Know Thy Partner: The Importance of Observance in a Long-Term Relationship

Something that authors, philosophers, and other solipsists like to think about it how everyone is the protagonist of their own story. That isn’t a bad thing; it is a human default. Whatever lies behind the mystery of consciousness, we see the world through a first-person point of view. Not just in an ocular sense- everything we perceive is run through the filter of “I”, and so there is the perception that everyone else is just another character, someone who maybe flits into your story, but doesn’t always exist outside of it. It is staggering when you are on a train or walking down a busy street and realize that every single person has a lifetime of fears and of memories, of hopes and doubts and dreams and fantasies, of pain and love. So it is easier sometimes to not think about it.

Of course, not recognizing it at all makes you a sociopath, but the gift of complete and total empathy is very rare. Even with your long-term partner, it is hard to always feel what they are feeling, and to consider how your actions affect them. Sometimes, it is the person you are with the most that you forget the easiest, because you fall into a pattern.

While empathy is difficult, observation is not, and you’ll find that the former is borne from the latter. Practicing observance here means being an emotional detective- picking up on moods, finding patterns, and really making an effort to understand why a person is behaving the way they are. You shouldn’t just see it as something that is impacting you, as tempting as that is.

couple
Image from Flickr CC user Adam Tinworth

The best part of being observant is that it can lead to greater intimacy. Global Glue couple Hazel & Neridah talk about the importance of intimacy- which is touching, yes, but also the kind of respect and understanding that comes from knowing someone and making a daily effort to remember that they are an individual. “We’ve learned to be really observant of each other. It’s not just listening with your ears. That’s not the only way to listen to someone.”
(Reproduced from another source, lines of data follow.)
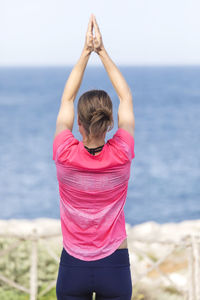 Rear view of woman standing at beach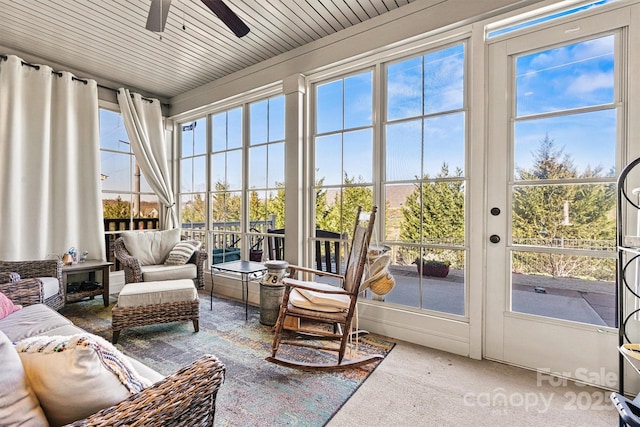 sunroom / solarium featuring ceiling fan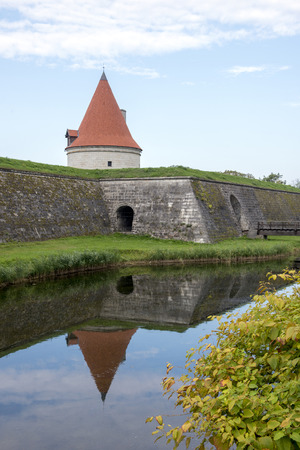 Tower and the wall of ancient fortress in Kuressaare, Estonia, reflected in the moatの写真素材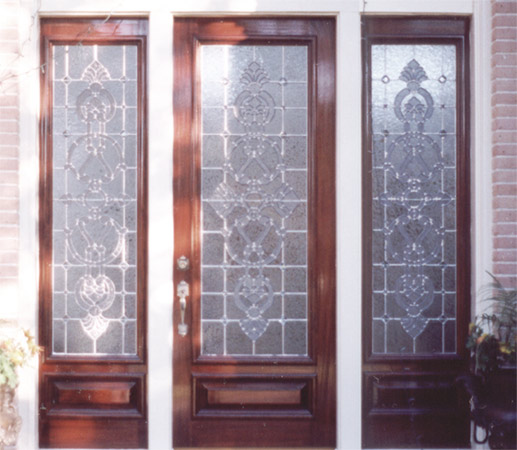 Custom entry with intricate designs in door and side light windows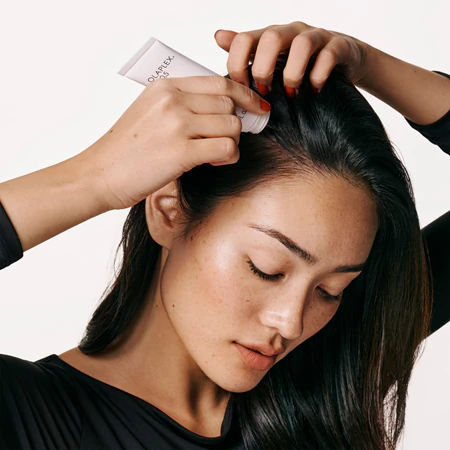 Kobieta aplikująca na skóre głowy serum Olaplex 0.5 Longevity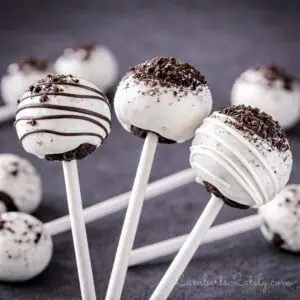 three oreo cake pops in front of a pile of cake pops in the background.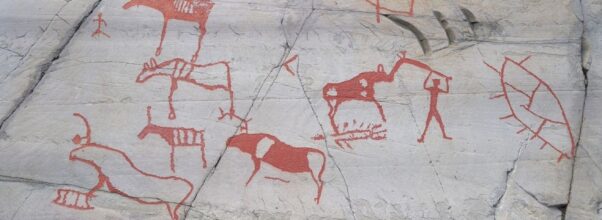 Røde helleristninger med dyr, mennesker og båter på berget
It all ties together. Being observant can lead to a greater understanding, which leads to greater and more fulfilling intimacy, which leads to even more understanding. Your partner is many things- beautiful, fun, maddening, lovable, frustrating, stubborn, clever, curious- but the one thing they are not is a mere adjunct to you. Recognizing that you are two separate people is, perhaps paradoxically, the only way to move closer to being as one.